それは可能だ。そのためには、まずAPIとマイクロサービスの両方の管理について明確に定義する必要がある。そして、APIとマイクロサービスの管理目標を調和させるAPIゲートウェイモデルを作成し、APIとマイクロサービスの両方のメリットが確保できるようリスクを管理しなければならない。
ソフトウェアアーキテクトや開発チームは、20年以上にわたって、アプリケーションを分散型サービスの集合体と見なしてきた。そして、この視点から生まれた全ての技法とアーキテクチャは、「コンポーネント化」と「バインド」という2つの問題を内包している。ここで言うコンポーネント化とは、ソフトウェアをどのように組み立てるのかという概念だ。一方のバインドは、個別のソフトウェアをどのように検出して関連付けるかを示す概念である。
ソフトウェアをコンポーネント化すると、コードの再利用が進む。また、クラウド時代においては、アプリケーションのスケーラビリティと回復性も向上する。サービス指向アーキテクチャ(SOA)は、分散可能なコンポーネントの青写真として誕生した。だが、ソフトウェア設計の慣習では、SOAの原則の多くが時代遅れになっている。これがソフトウェアの専門家の間で一致している見解だ。このSOAに取って代わるのが、マイクロサービスだ。
SOAでは、サービスはディレクトリ経由で検出され、構造化されたAPI経由でアクセスされる。構造化されたAPIには、セキュリティやアクセス権の管理などの機能が盛り込まれている。SOAは、本質的に細かいサービスではないのが一般的だ。つまり、SOAサービスでは、比較的複雑なタスクが実行され、APIの管理プロセスに付随するオーバーヘッドは問題と見なされていなかったことになる。
一方、マイクロサービスは非常に細かいサービスだ。一般的にマイクロサービスは、特定のビジネス機能を実行するコンポーネントと見なされる。そして多くの開発チームは、マイクロサービスを作成するために、ビジネス機能を実用上のステップに分割しているのが実情だ。マイクロサービスは、シンプルなRESTful API経由でアクセスされることが多い。また、各マイクロサービスへのアクセスではネットワークとのやりとりが生じるため、時間がかかる。そのためマイクロサービスアプリケーションは、細かくなり過ぎないように留意して、パフォーマンスに影響を及ぼさないようにするだけでなく、セキュリティとコンプライアンスも管理しなければならない。これがマイクロサービスの管理だ。

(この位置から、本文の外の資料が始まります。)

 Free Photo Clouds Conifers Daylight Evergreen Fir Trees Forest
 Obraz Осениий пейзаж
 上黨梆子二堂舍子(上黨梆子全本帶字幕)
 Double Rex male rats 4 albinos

マイクロサービスで使用されるシンプルなAPIには、SOAのAPIに付随していたような機能はない。そして、大半のアプリケーションは、多くのマイクロサービスで構成されている。つまり、これまで単一のSOAサービスだったものが、6個以上のマイクロサービスで構成される可能性があるということだ。クライアント端末は、マイクロサービスごとにサービス呼び出しを行い、結果を組み立てる必要があるのだろうか。クライアント端末は、マイクロソフトサービスの所在や各マイクロサービスにどのようにアクセスするかを把握しているのだろうか。データの不正使用や傍受は、どのように防止するのだろうか。これに対処するのがAPIの管理だ。

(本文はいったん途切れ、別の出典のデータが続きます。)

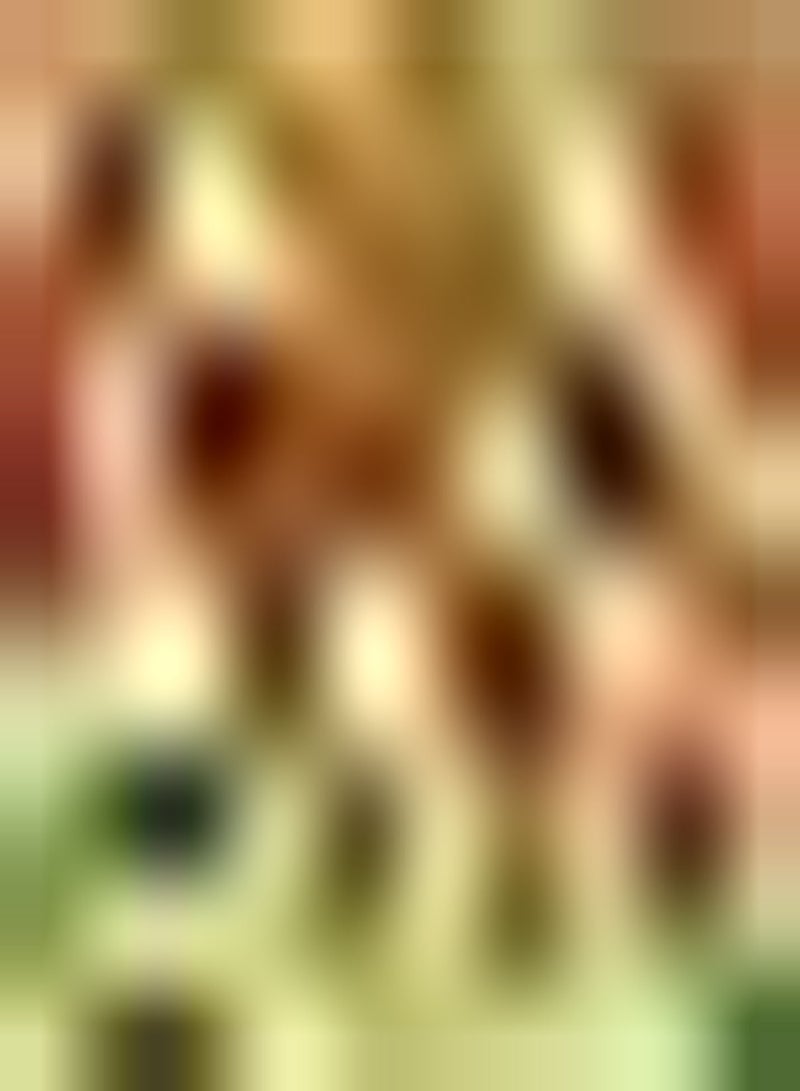 جي جوت 500 قطعة من بذور السيلوسيا الحمراء المستخدمة في تصميم أحواض الزهور وتكوين أحواض الزهور وزخارف عتبة النافذة وزراعة صغيرة الصعوبة والتشغيل البسيط - Image 1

「APIゲートウェイ」の人気が急上昇している。これは、APIとマイクロサービスの両方を管理しながら、両者のメリットを維持するフレームワークとして誕生したものだ。APIゲートウェイは、ファサードデザインパターンの実装である。APIのアップストリームをユーザーまたはクライアント端末に渡して、ダウンストリームのAPIをマイクロサービス側で呼び出す。APIゲートウェイは、APIとマイクロサービスの管理を調和させる経路を提供している。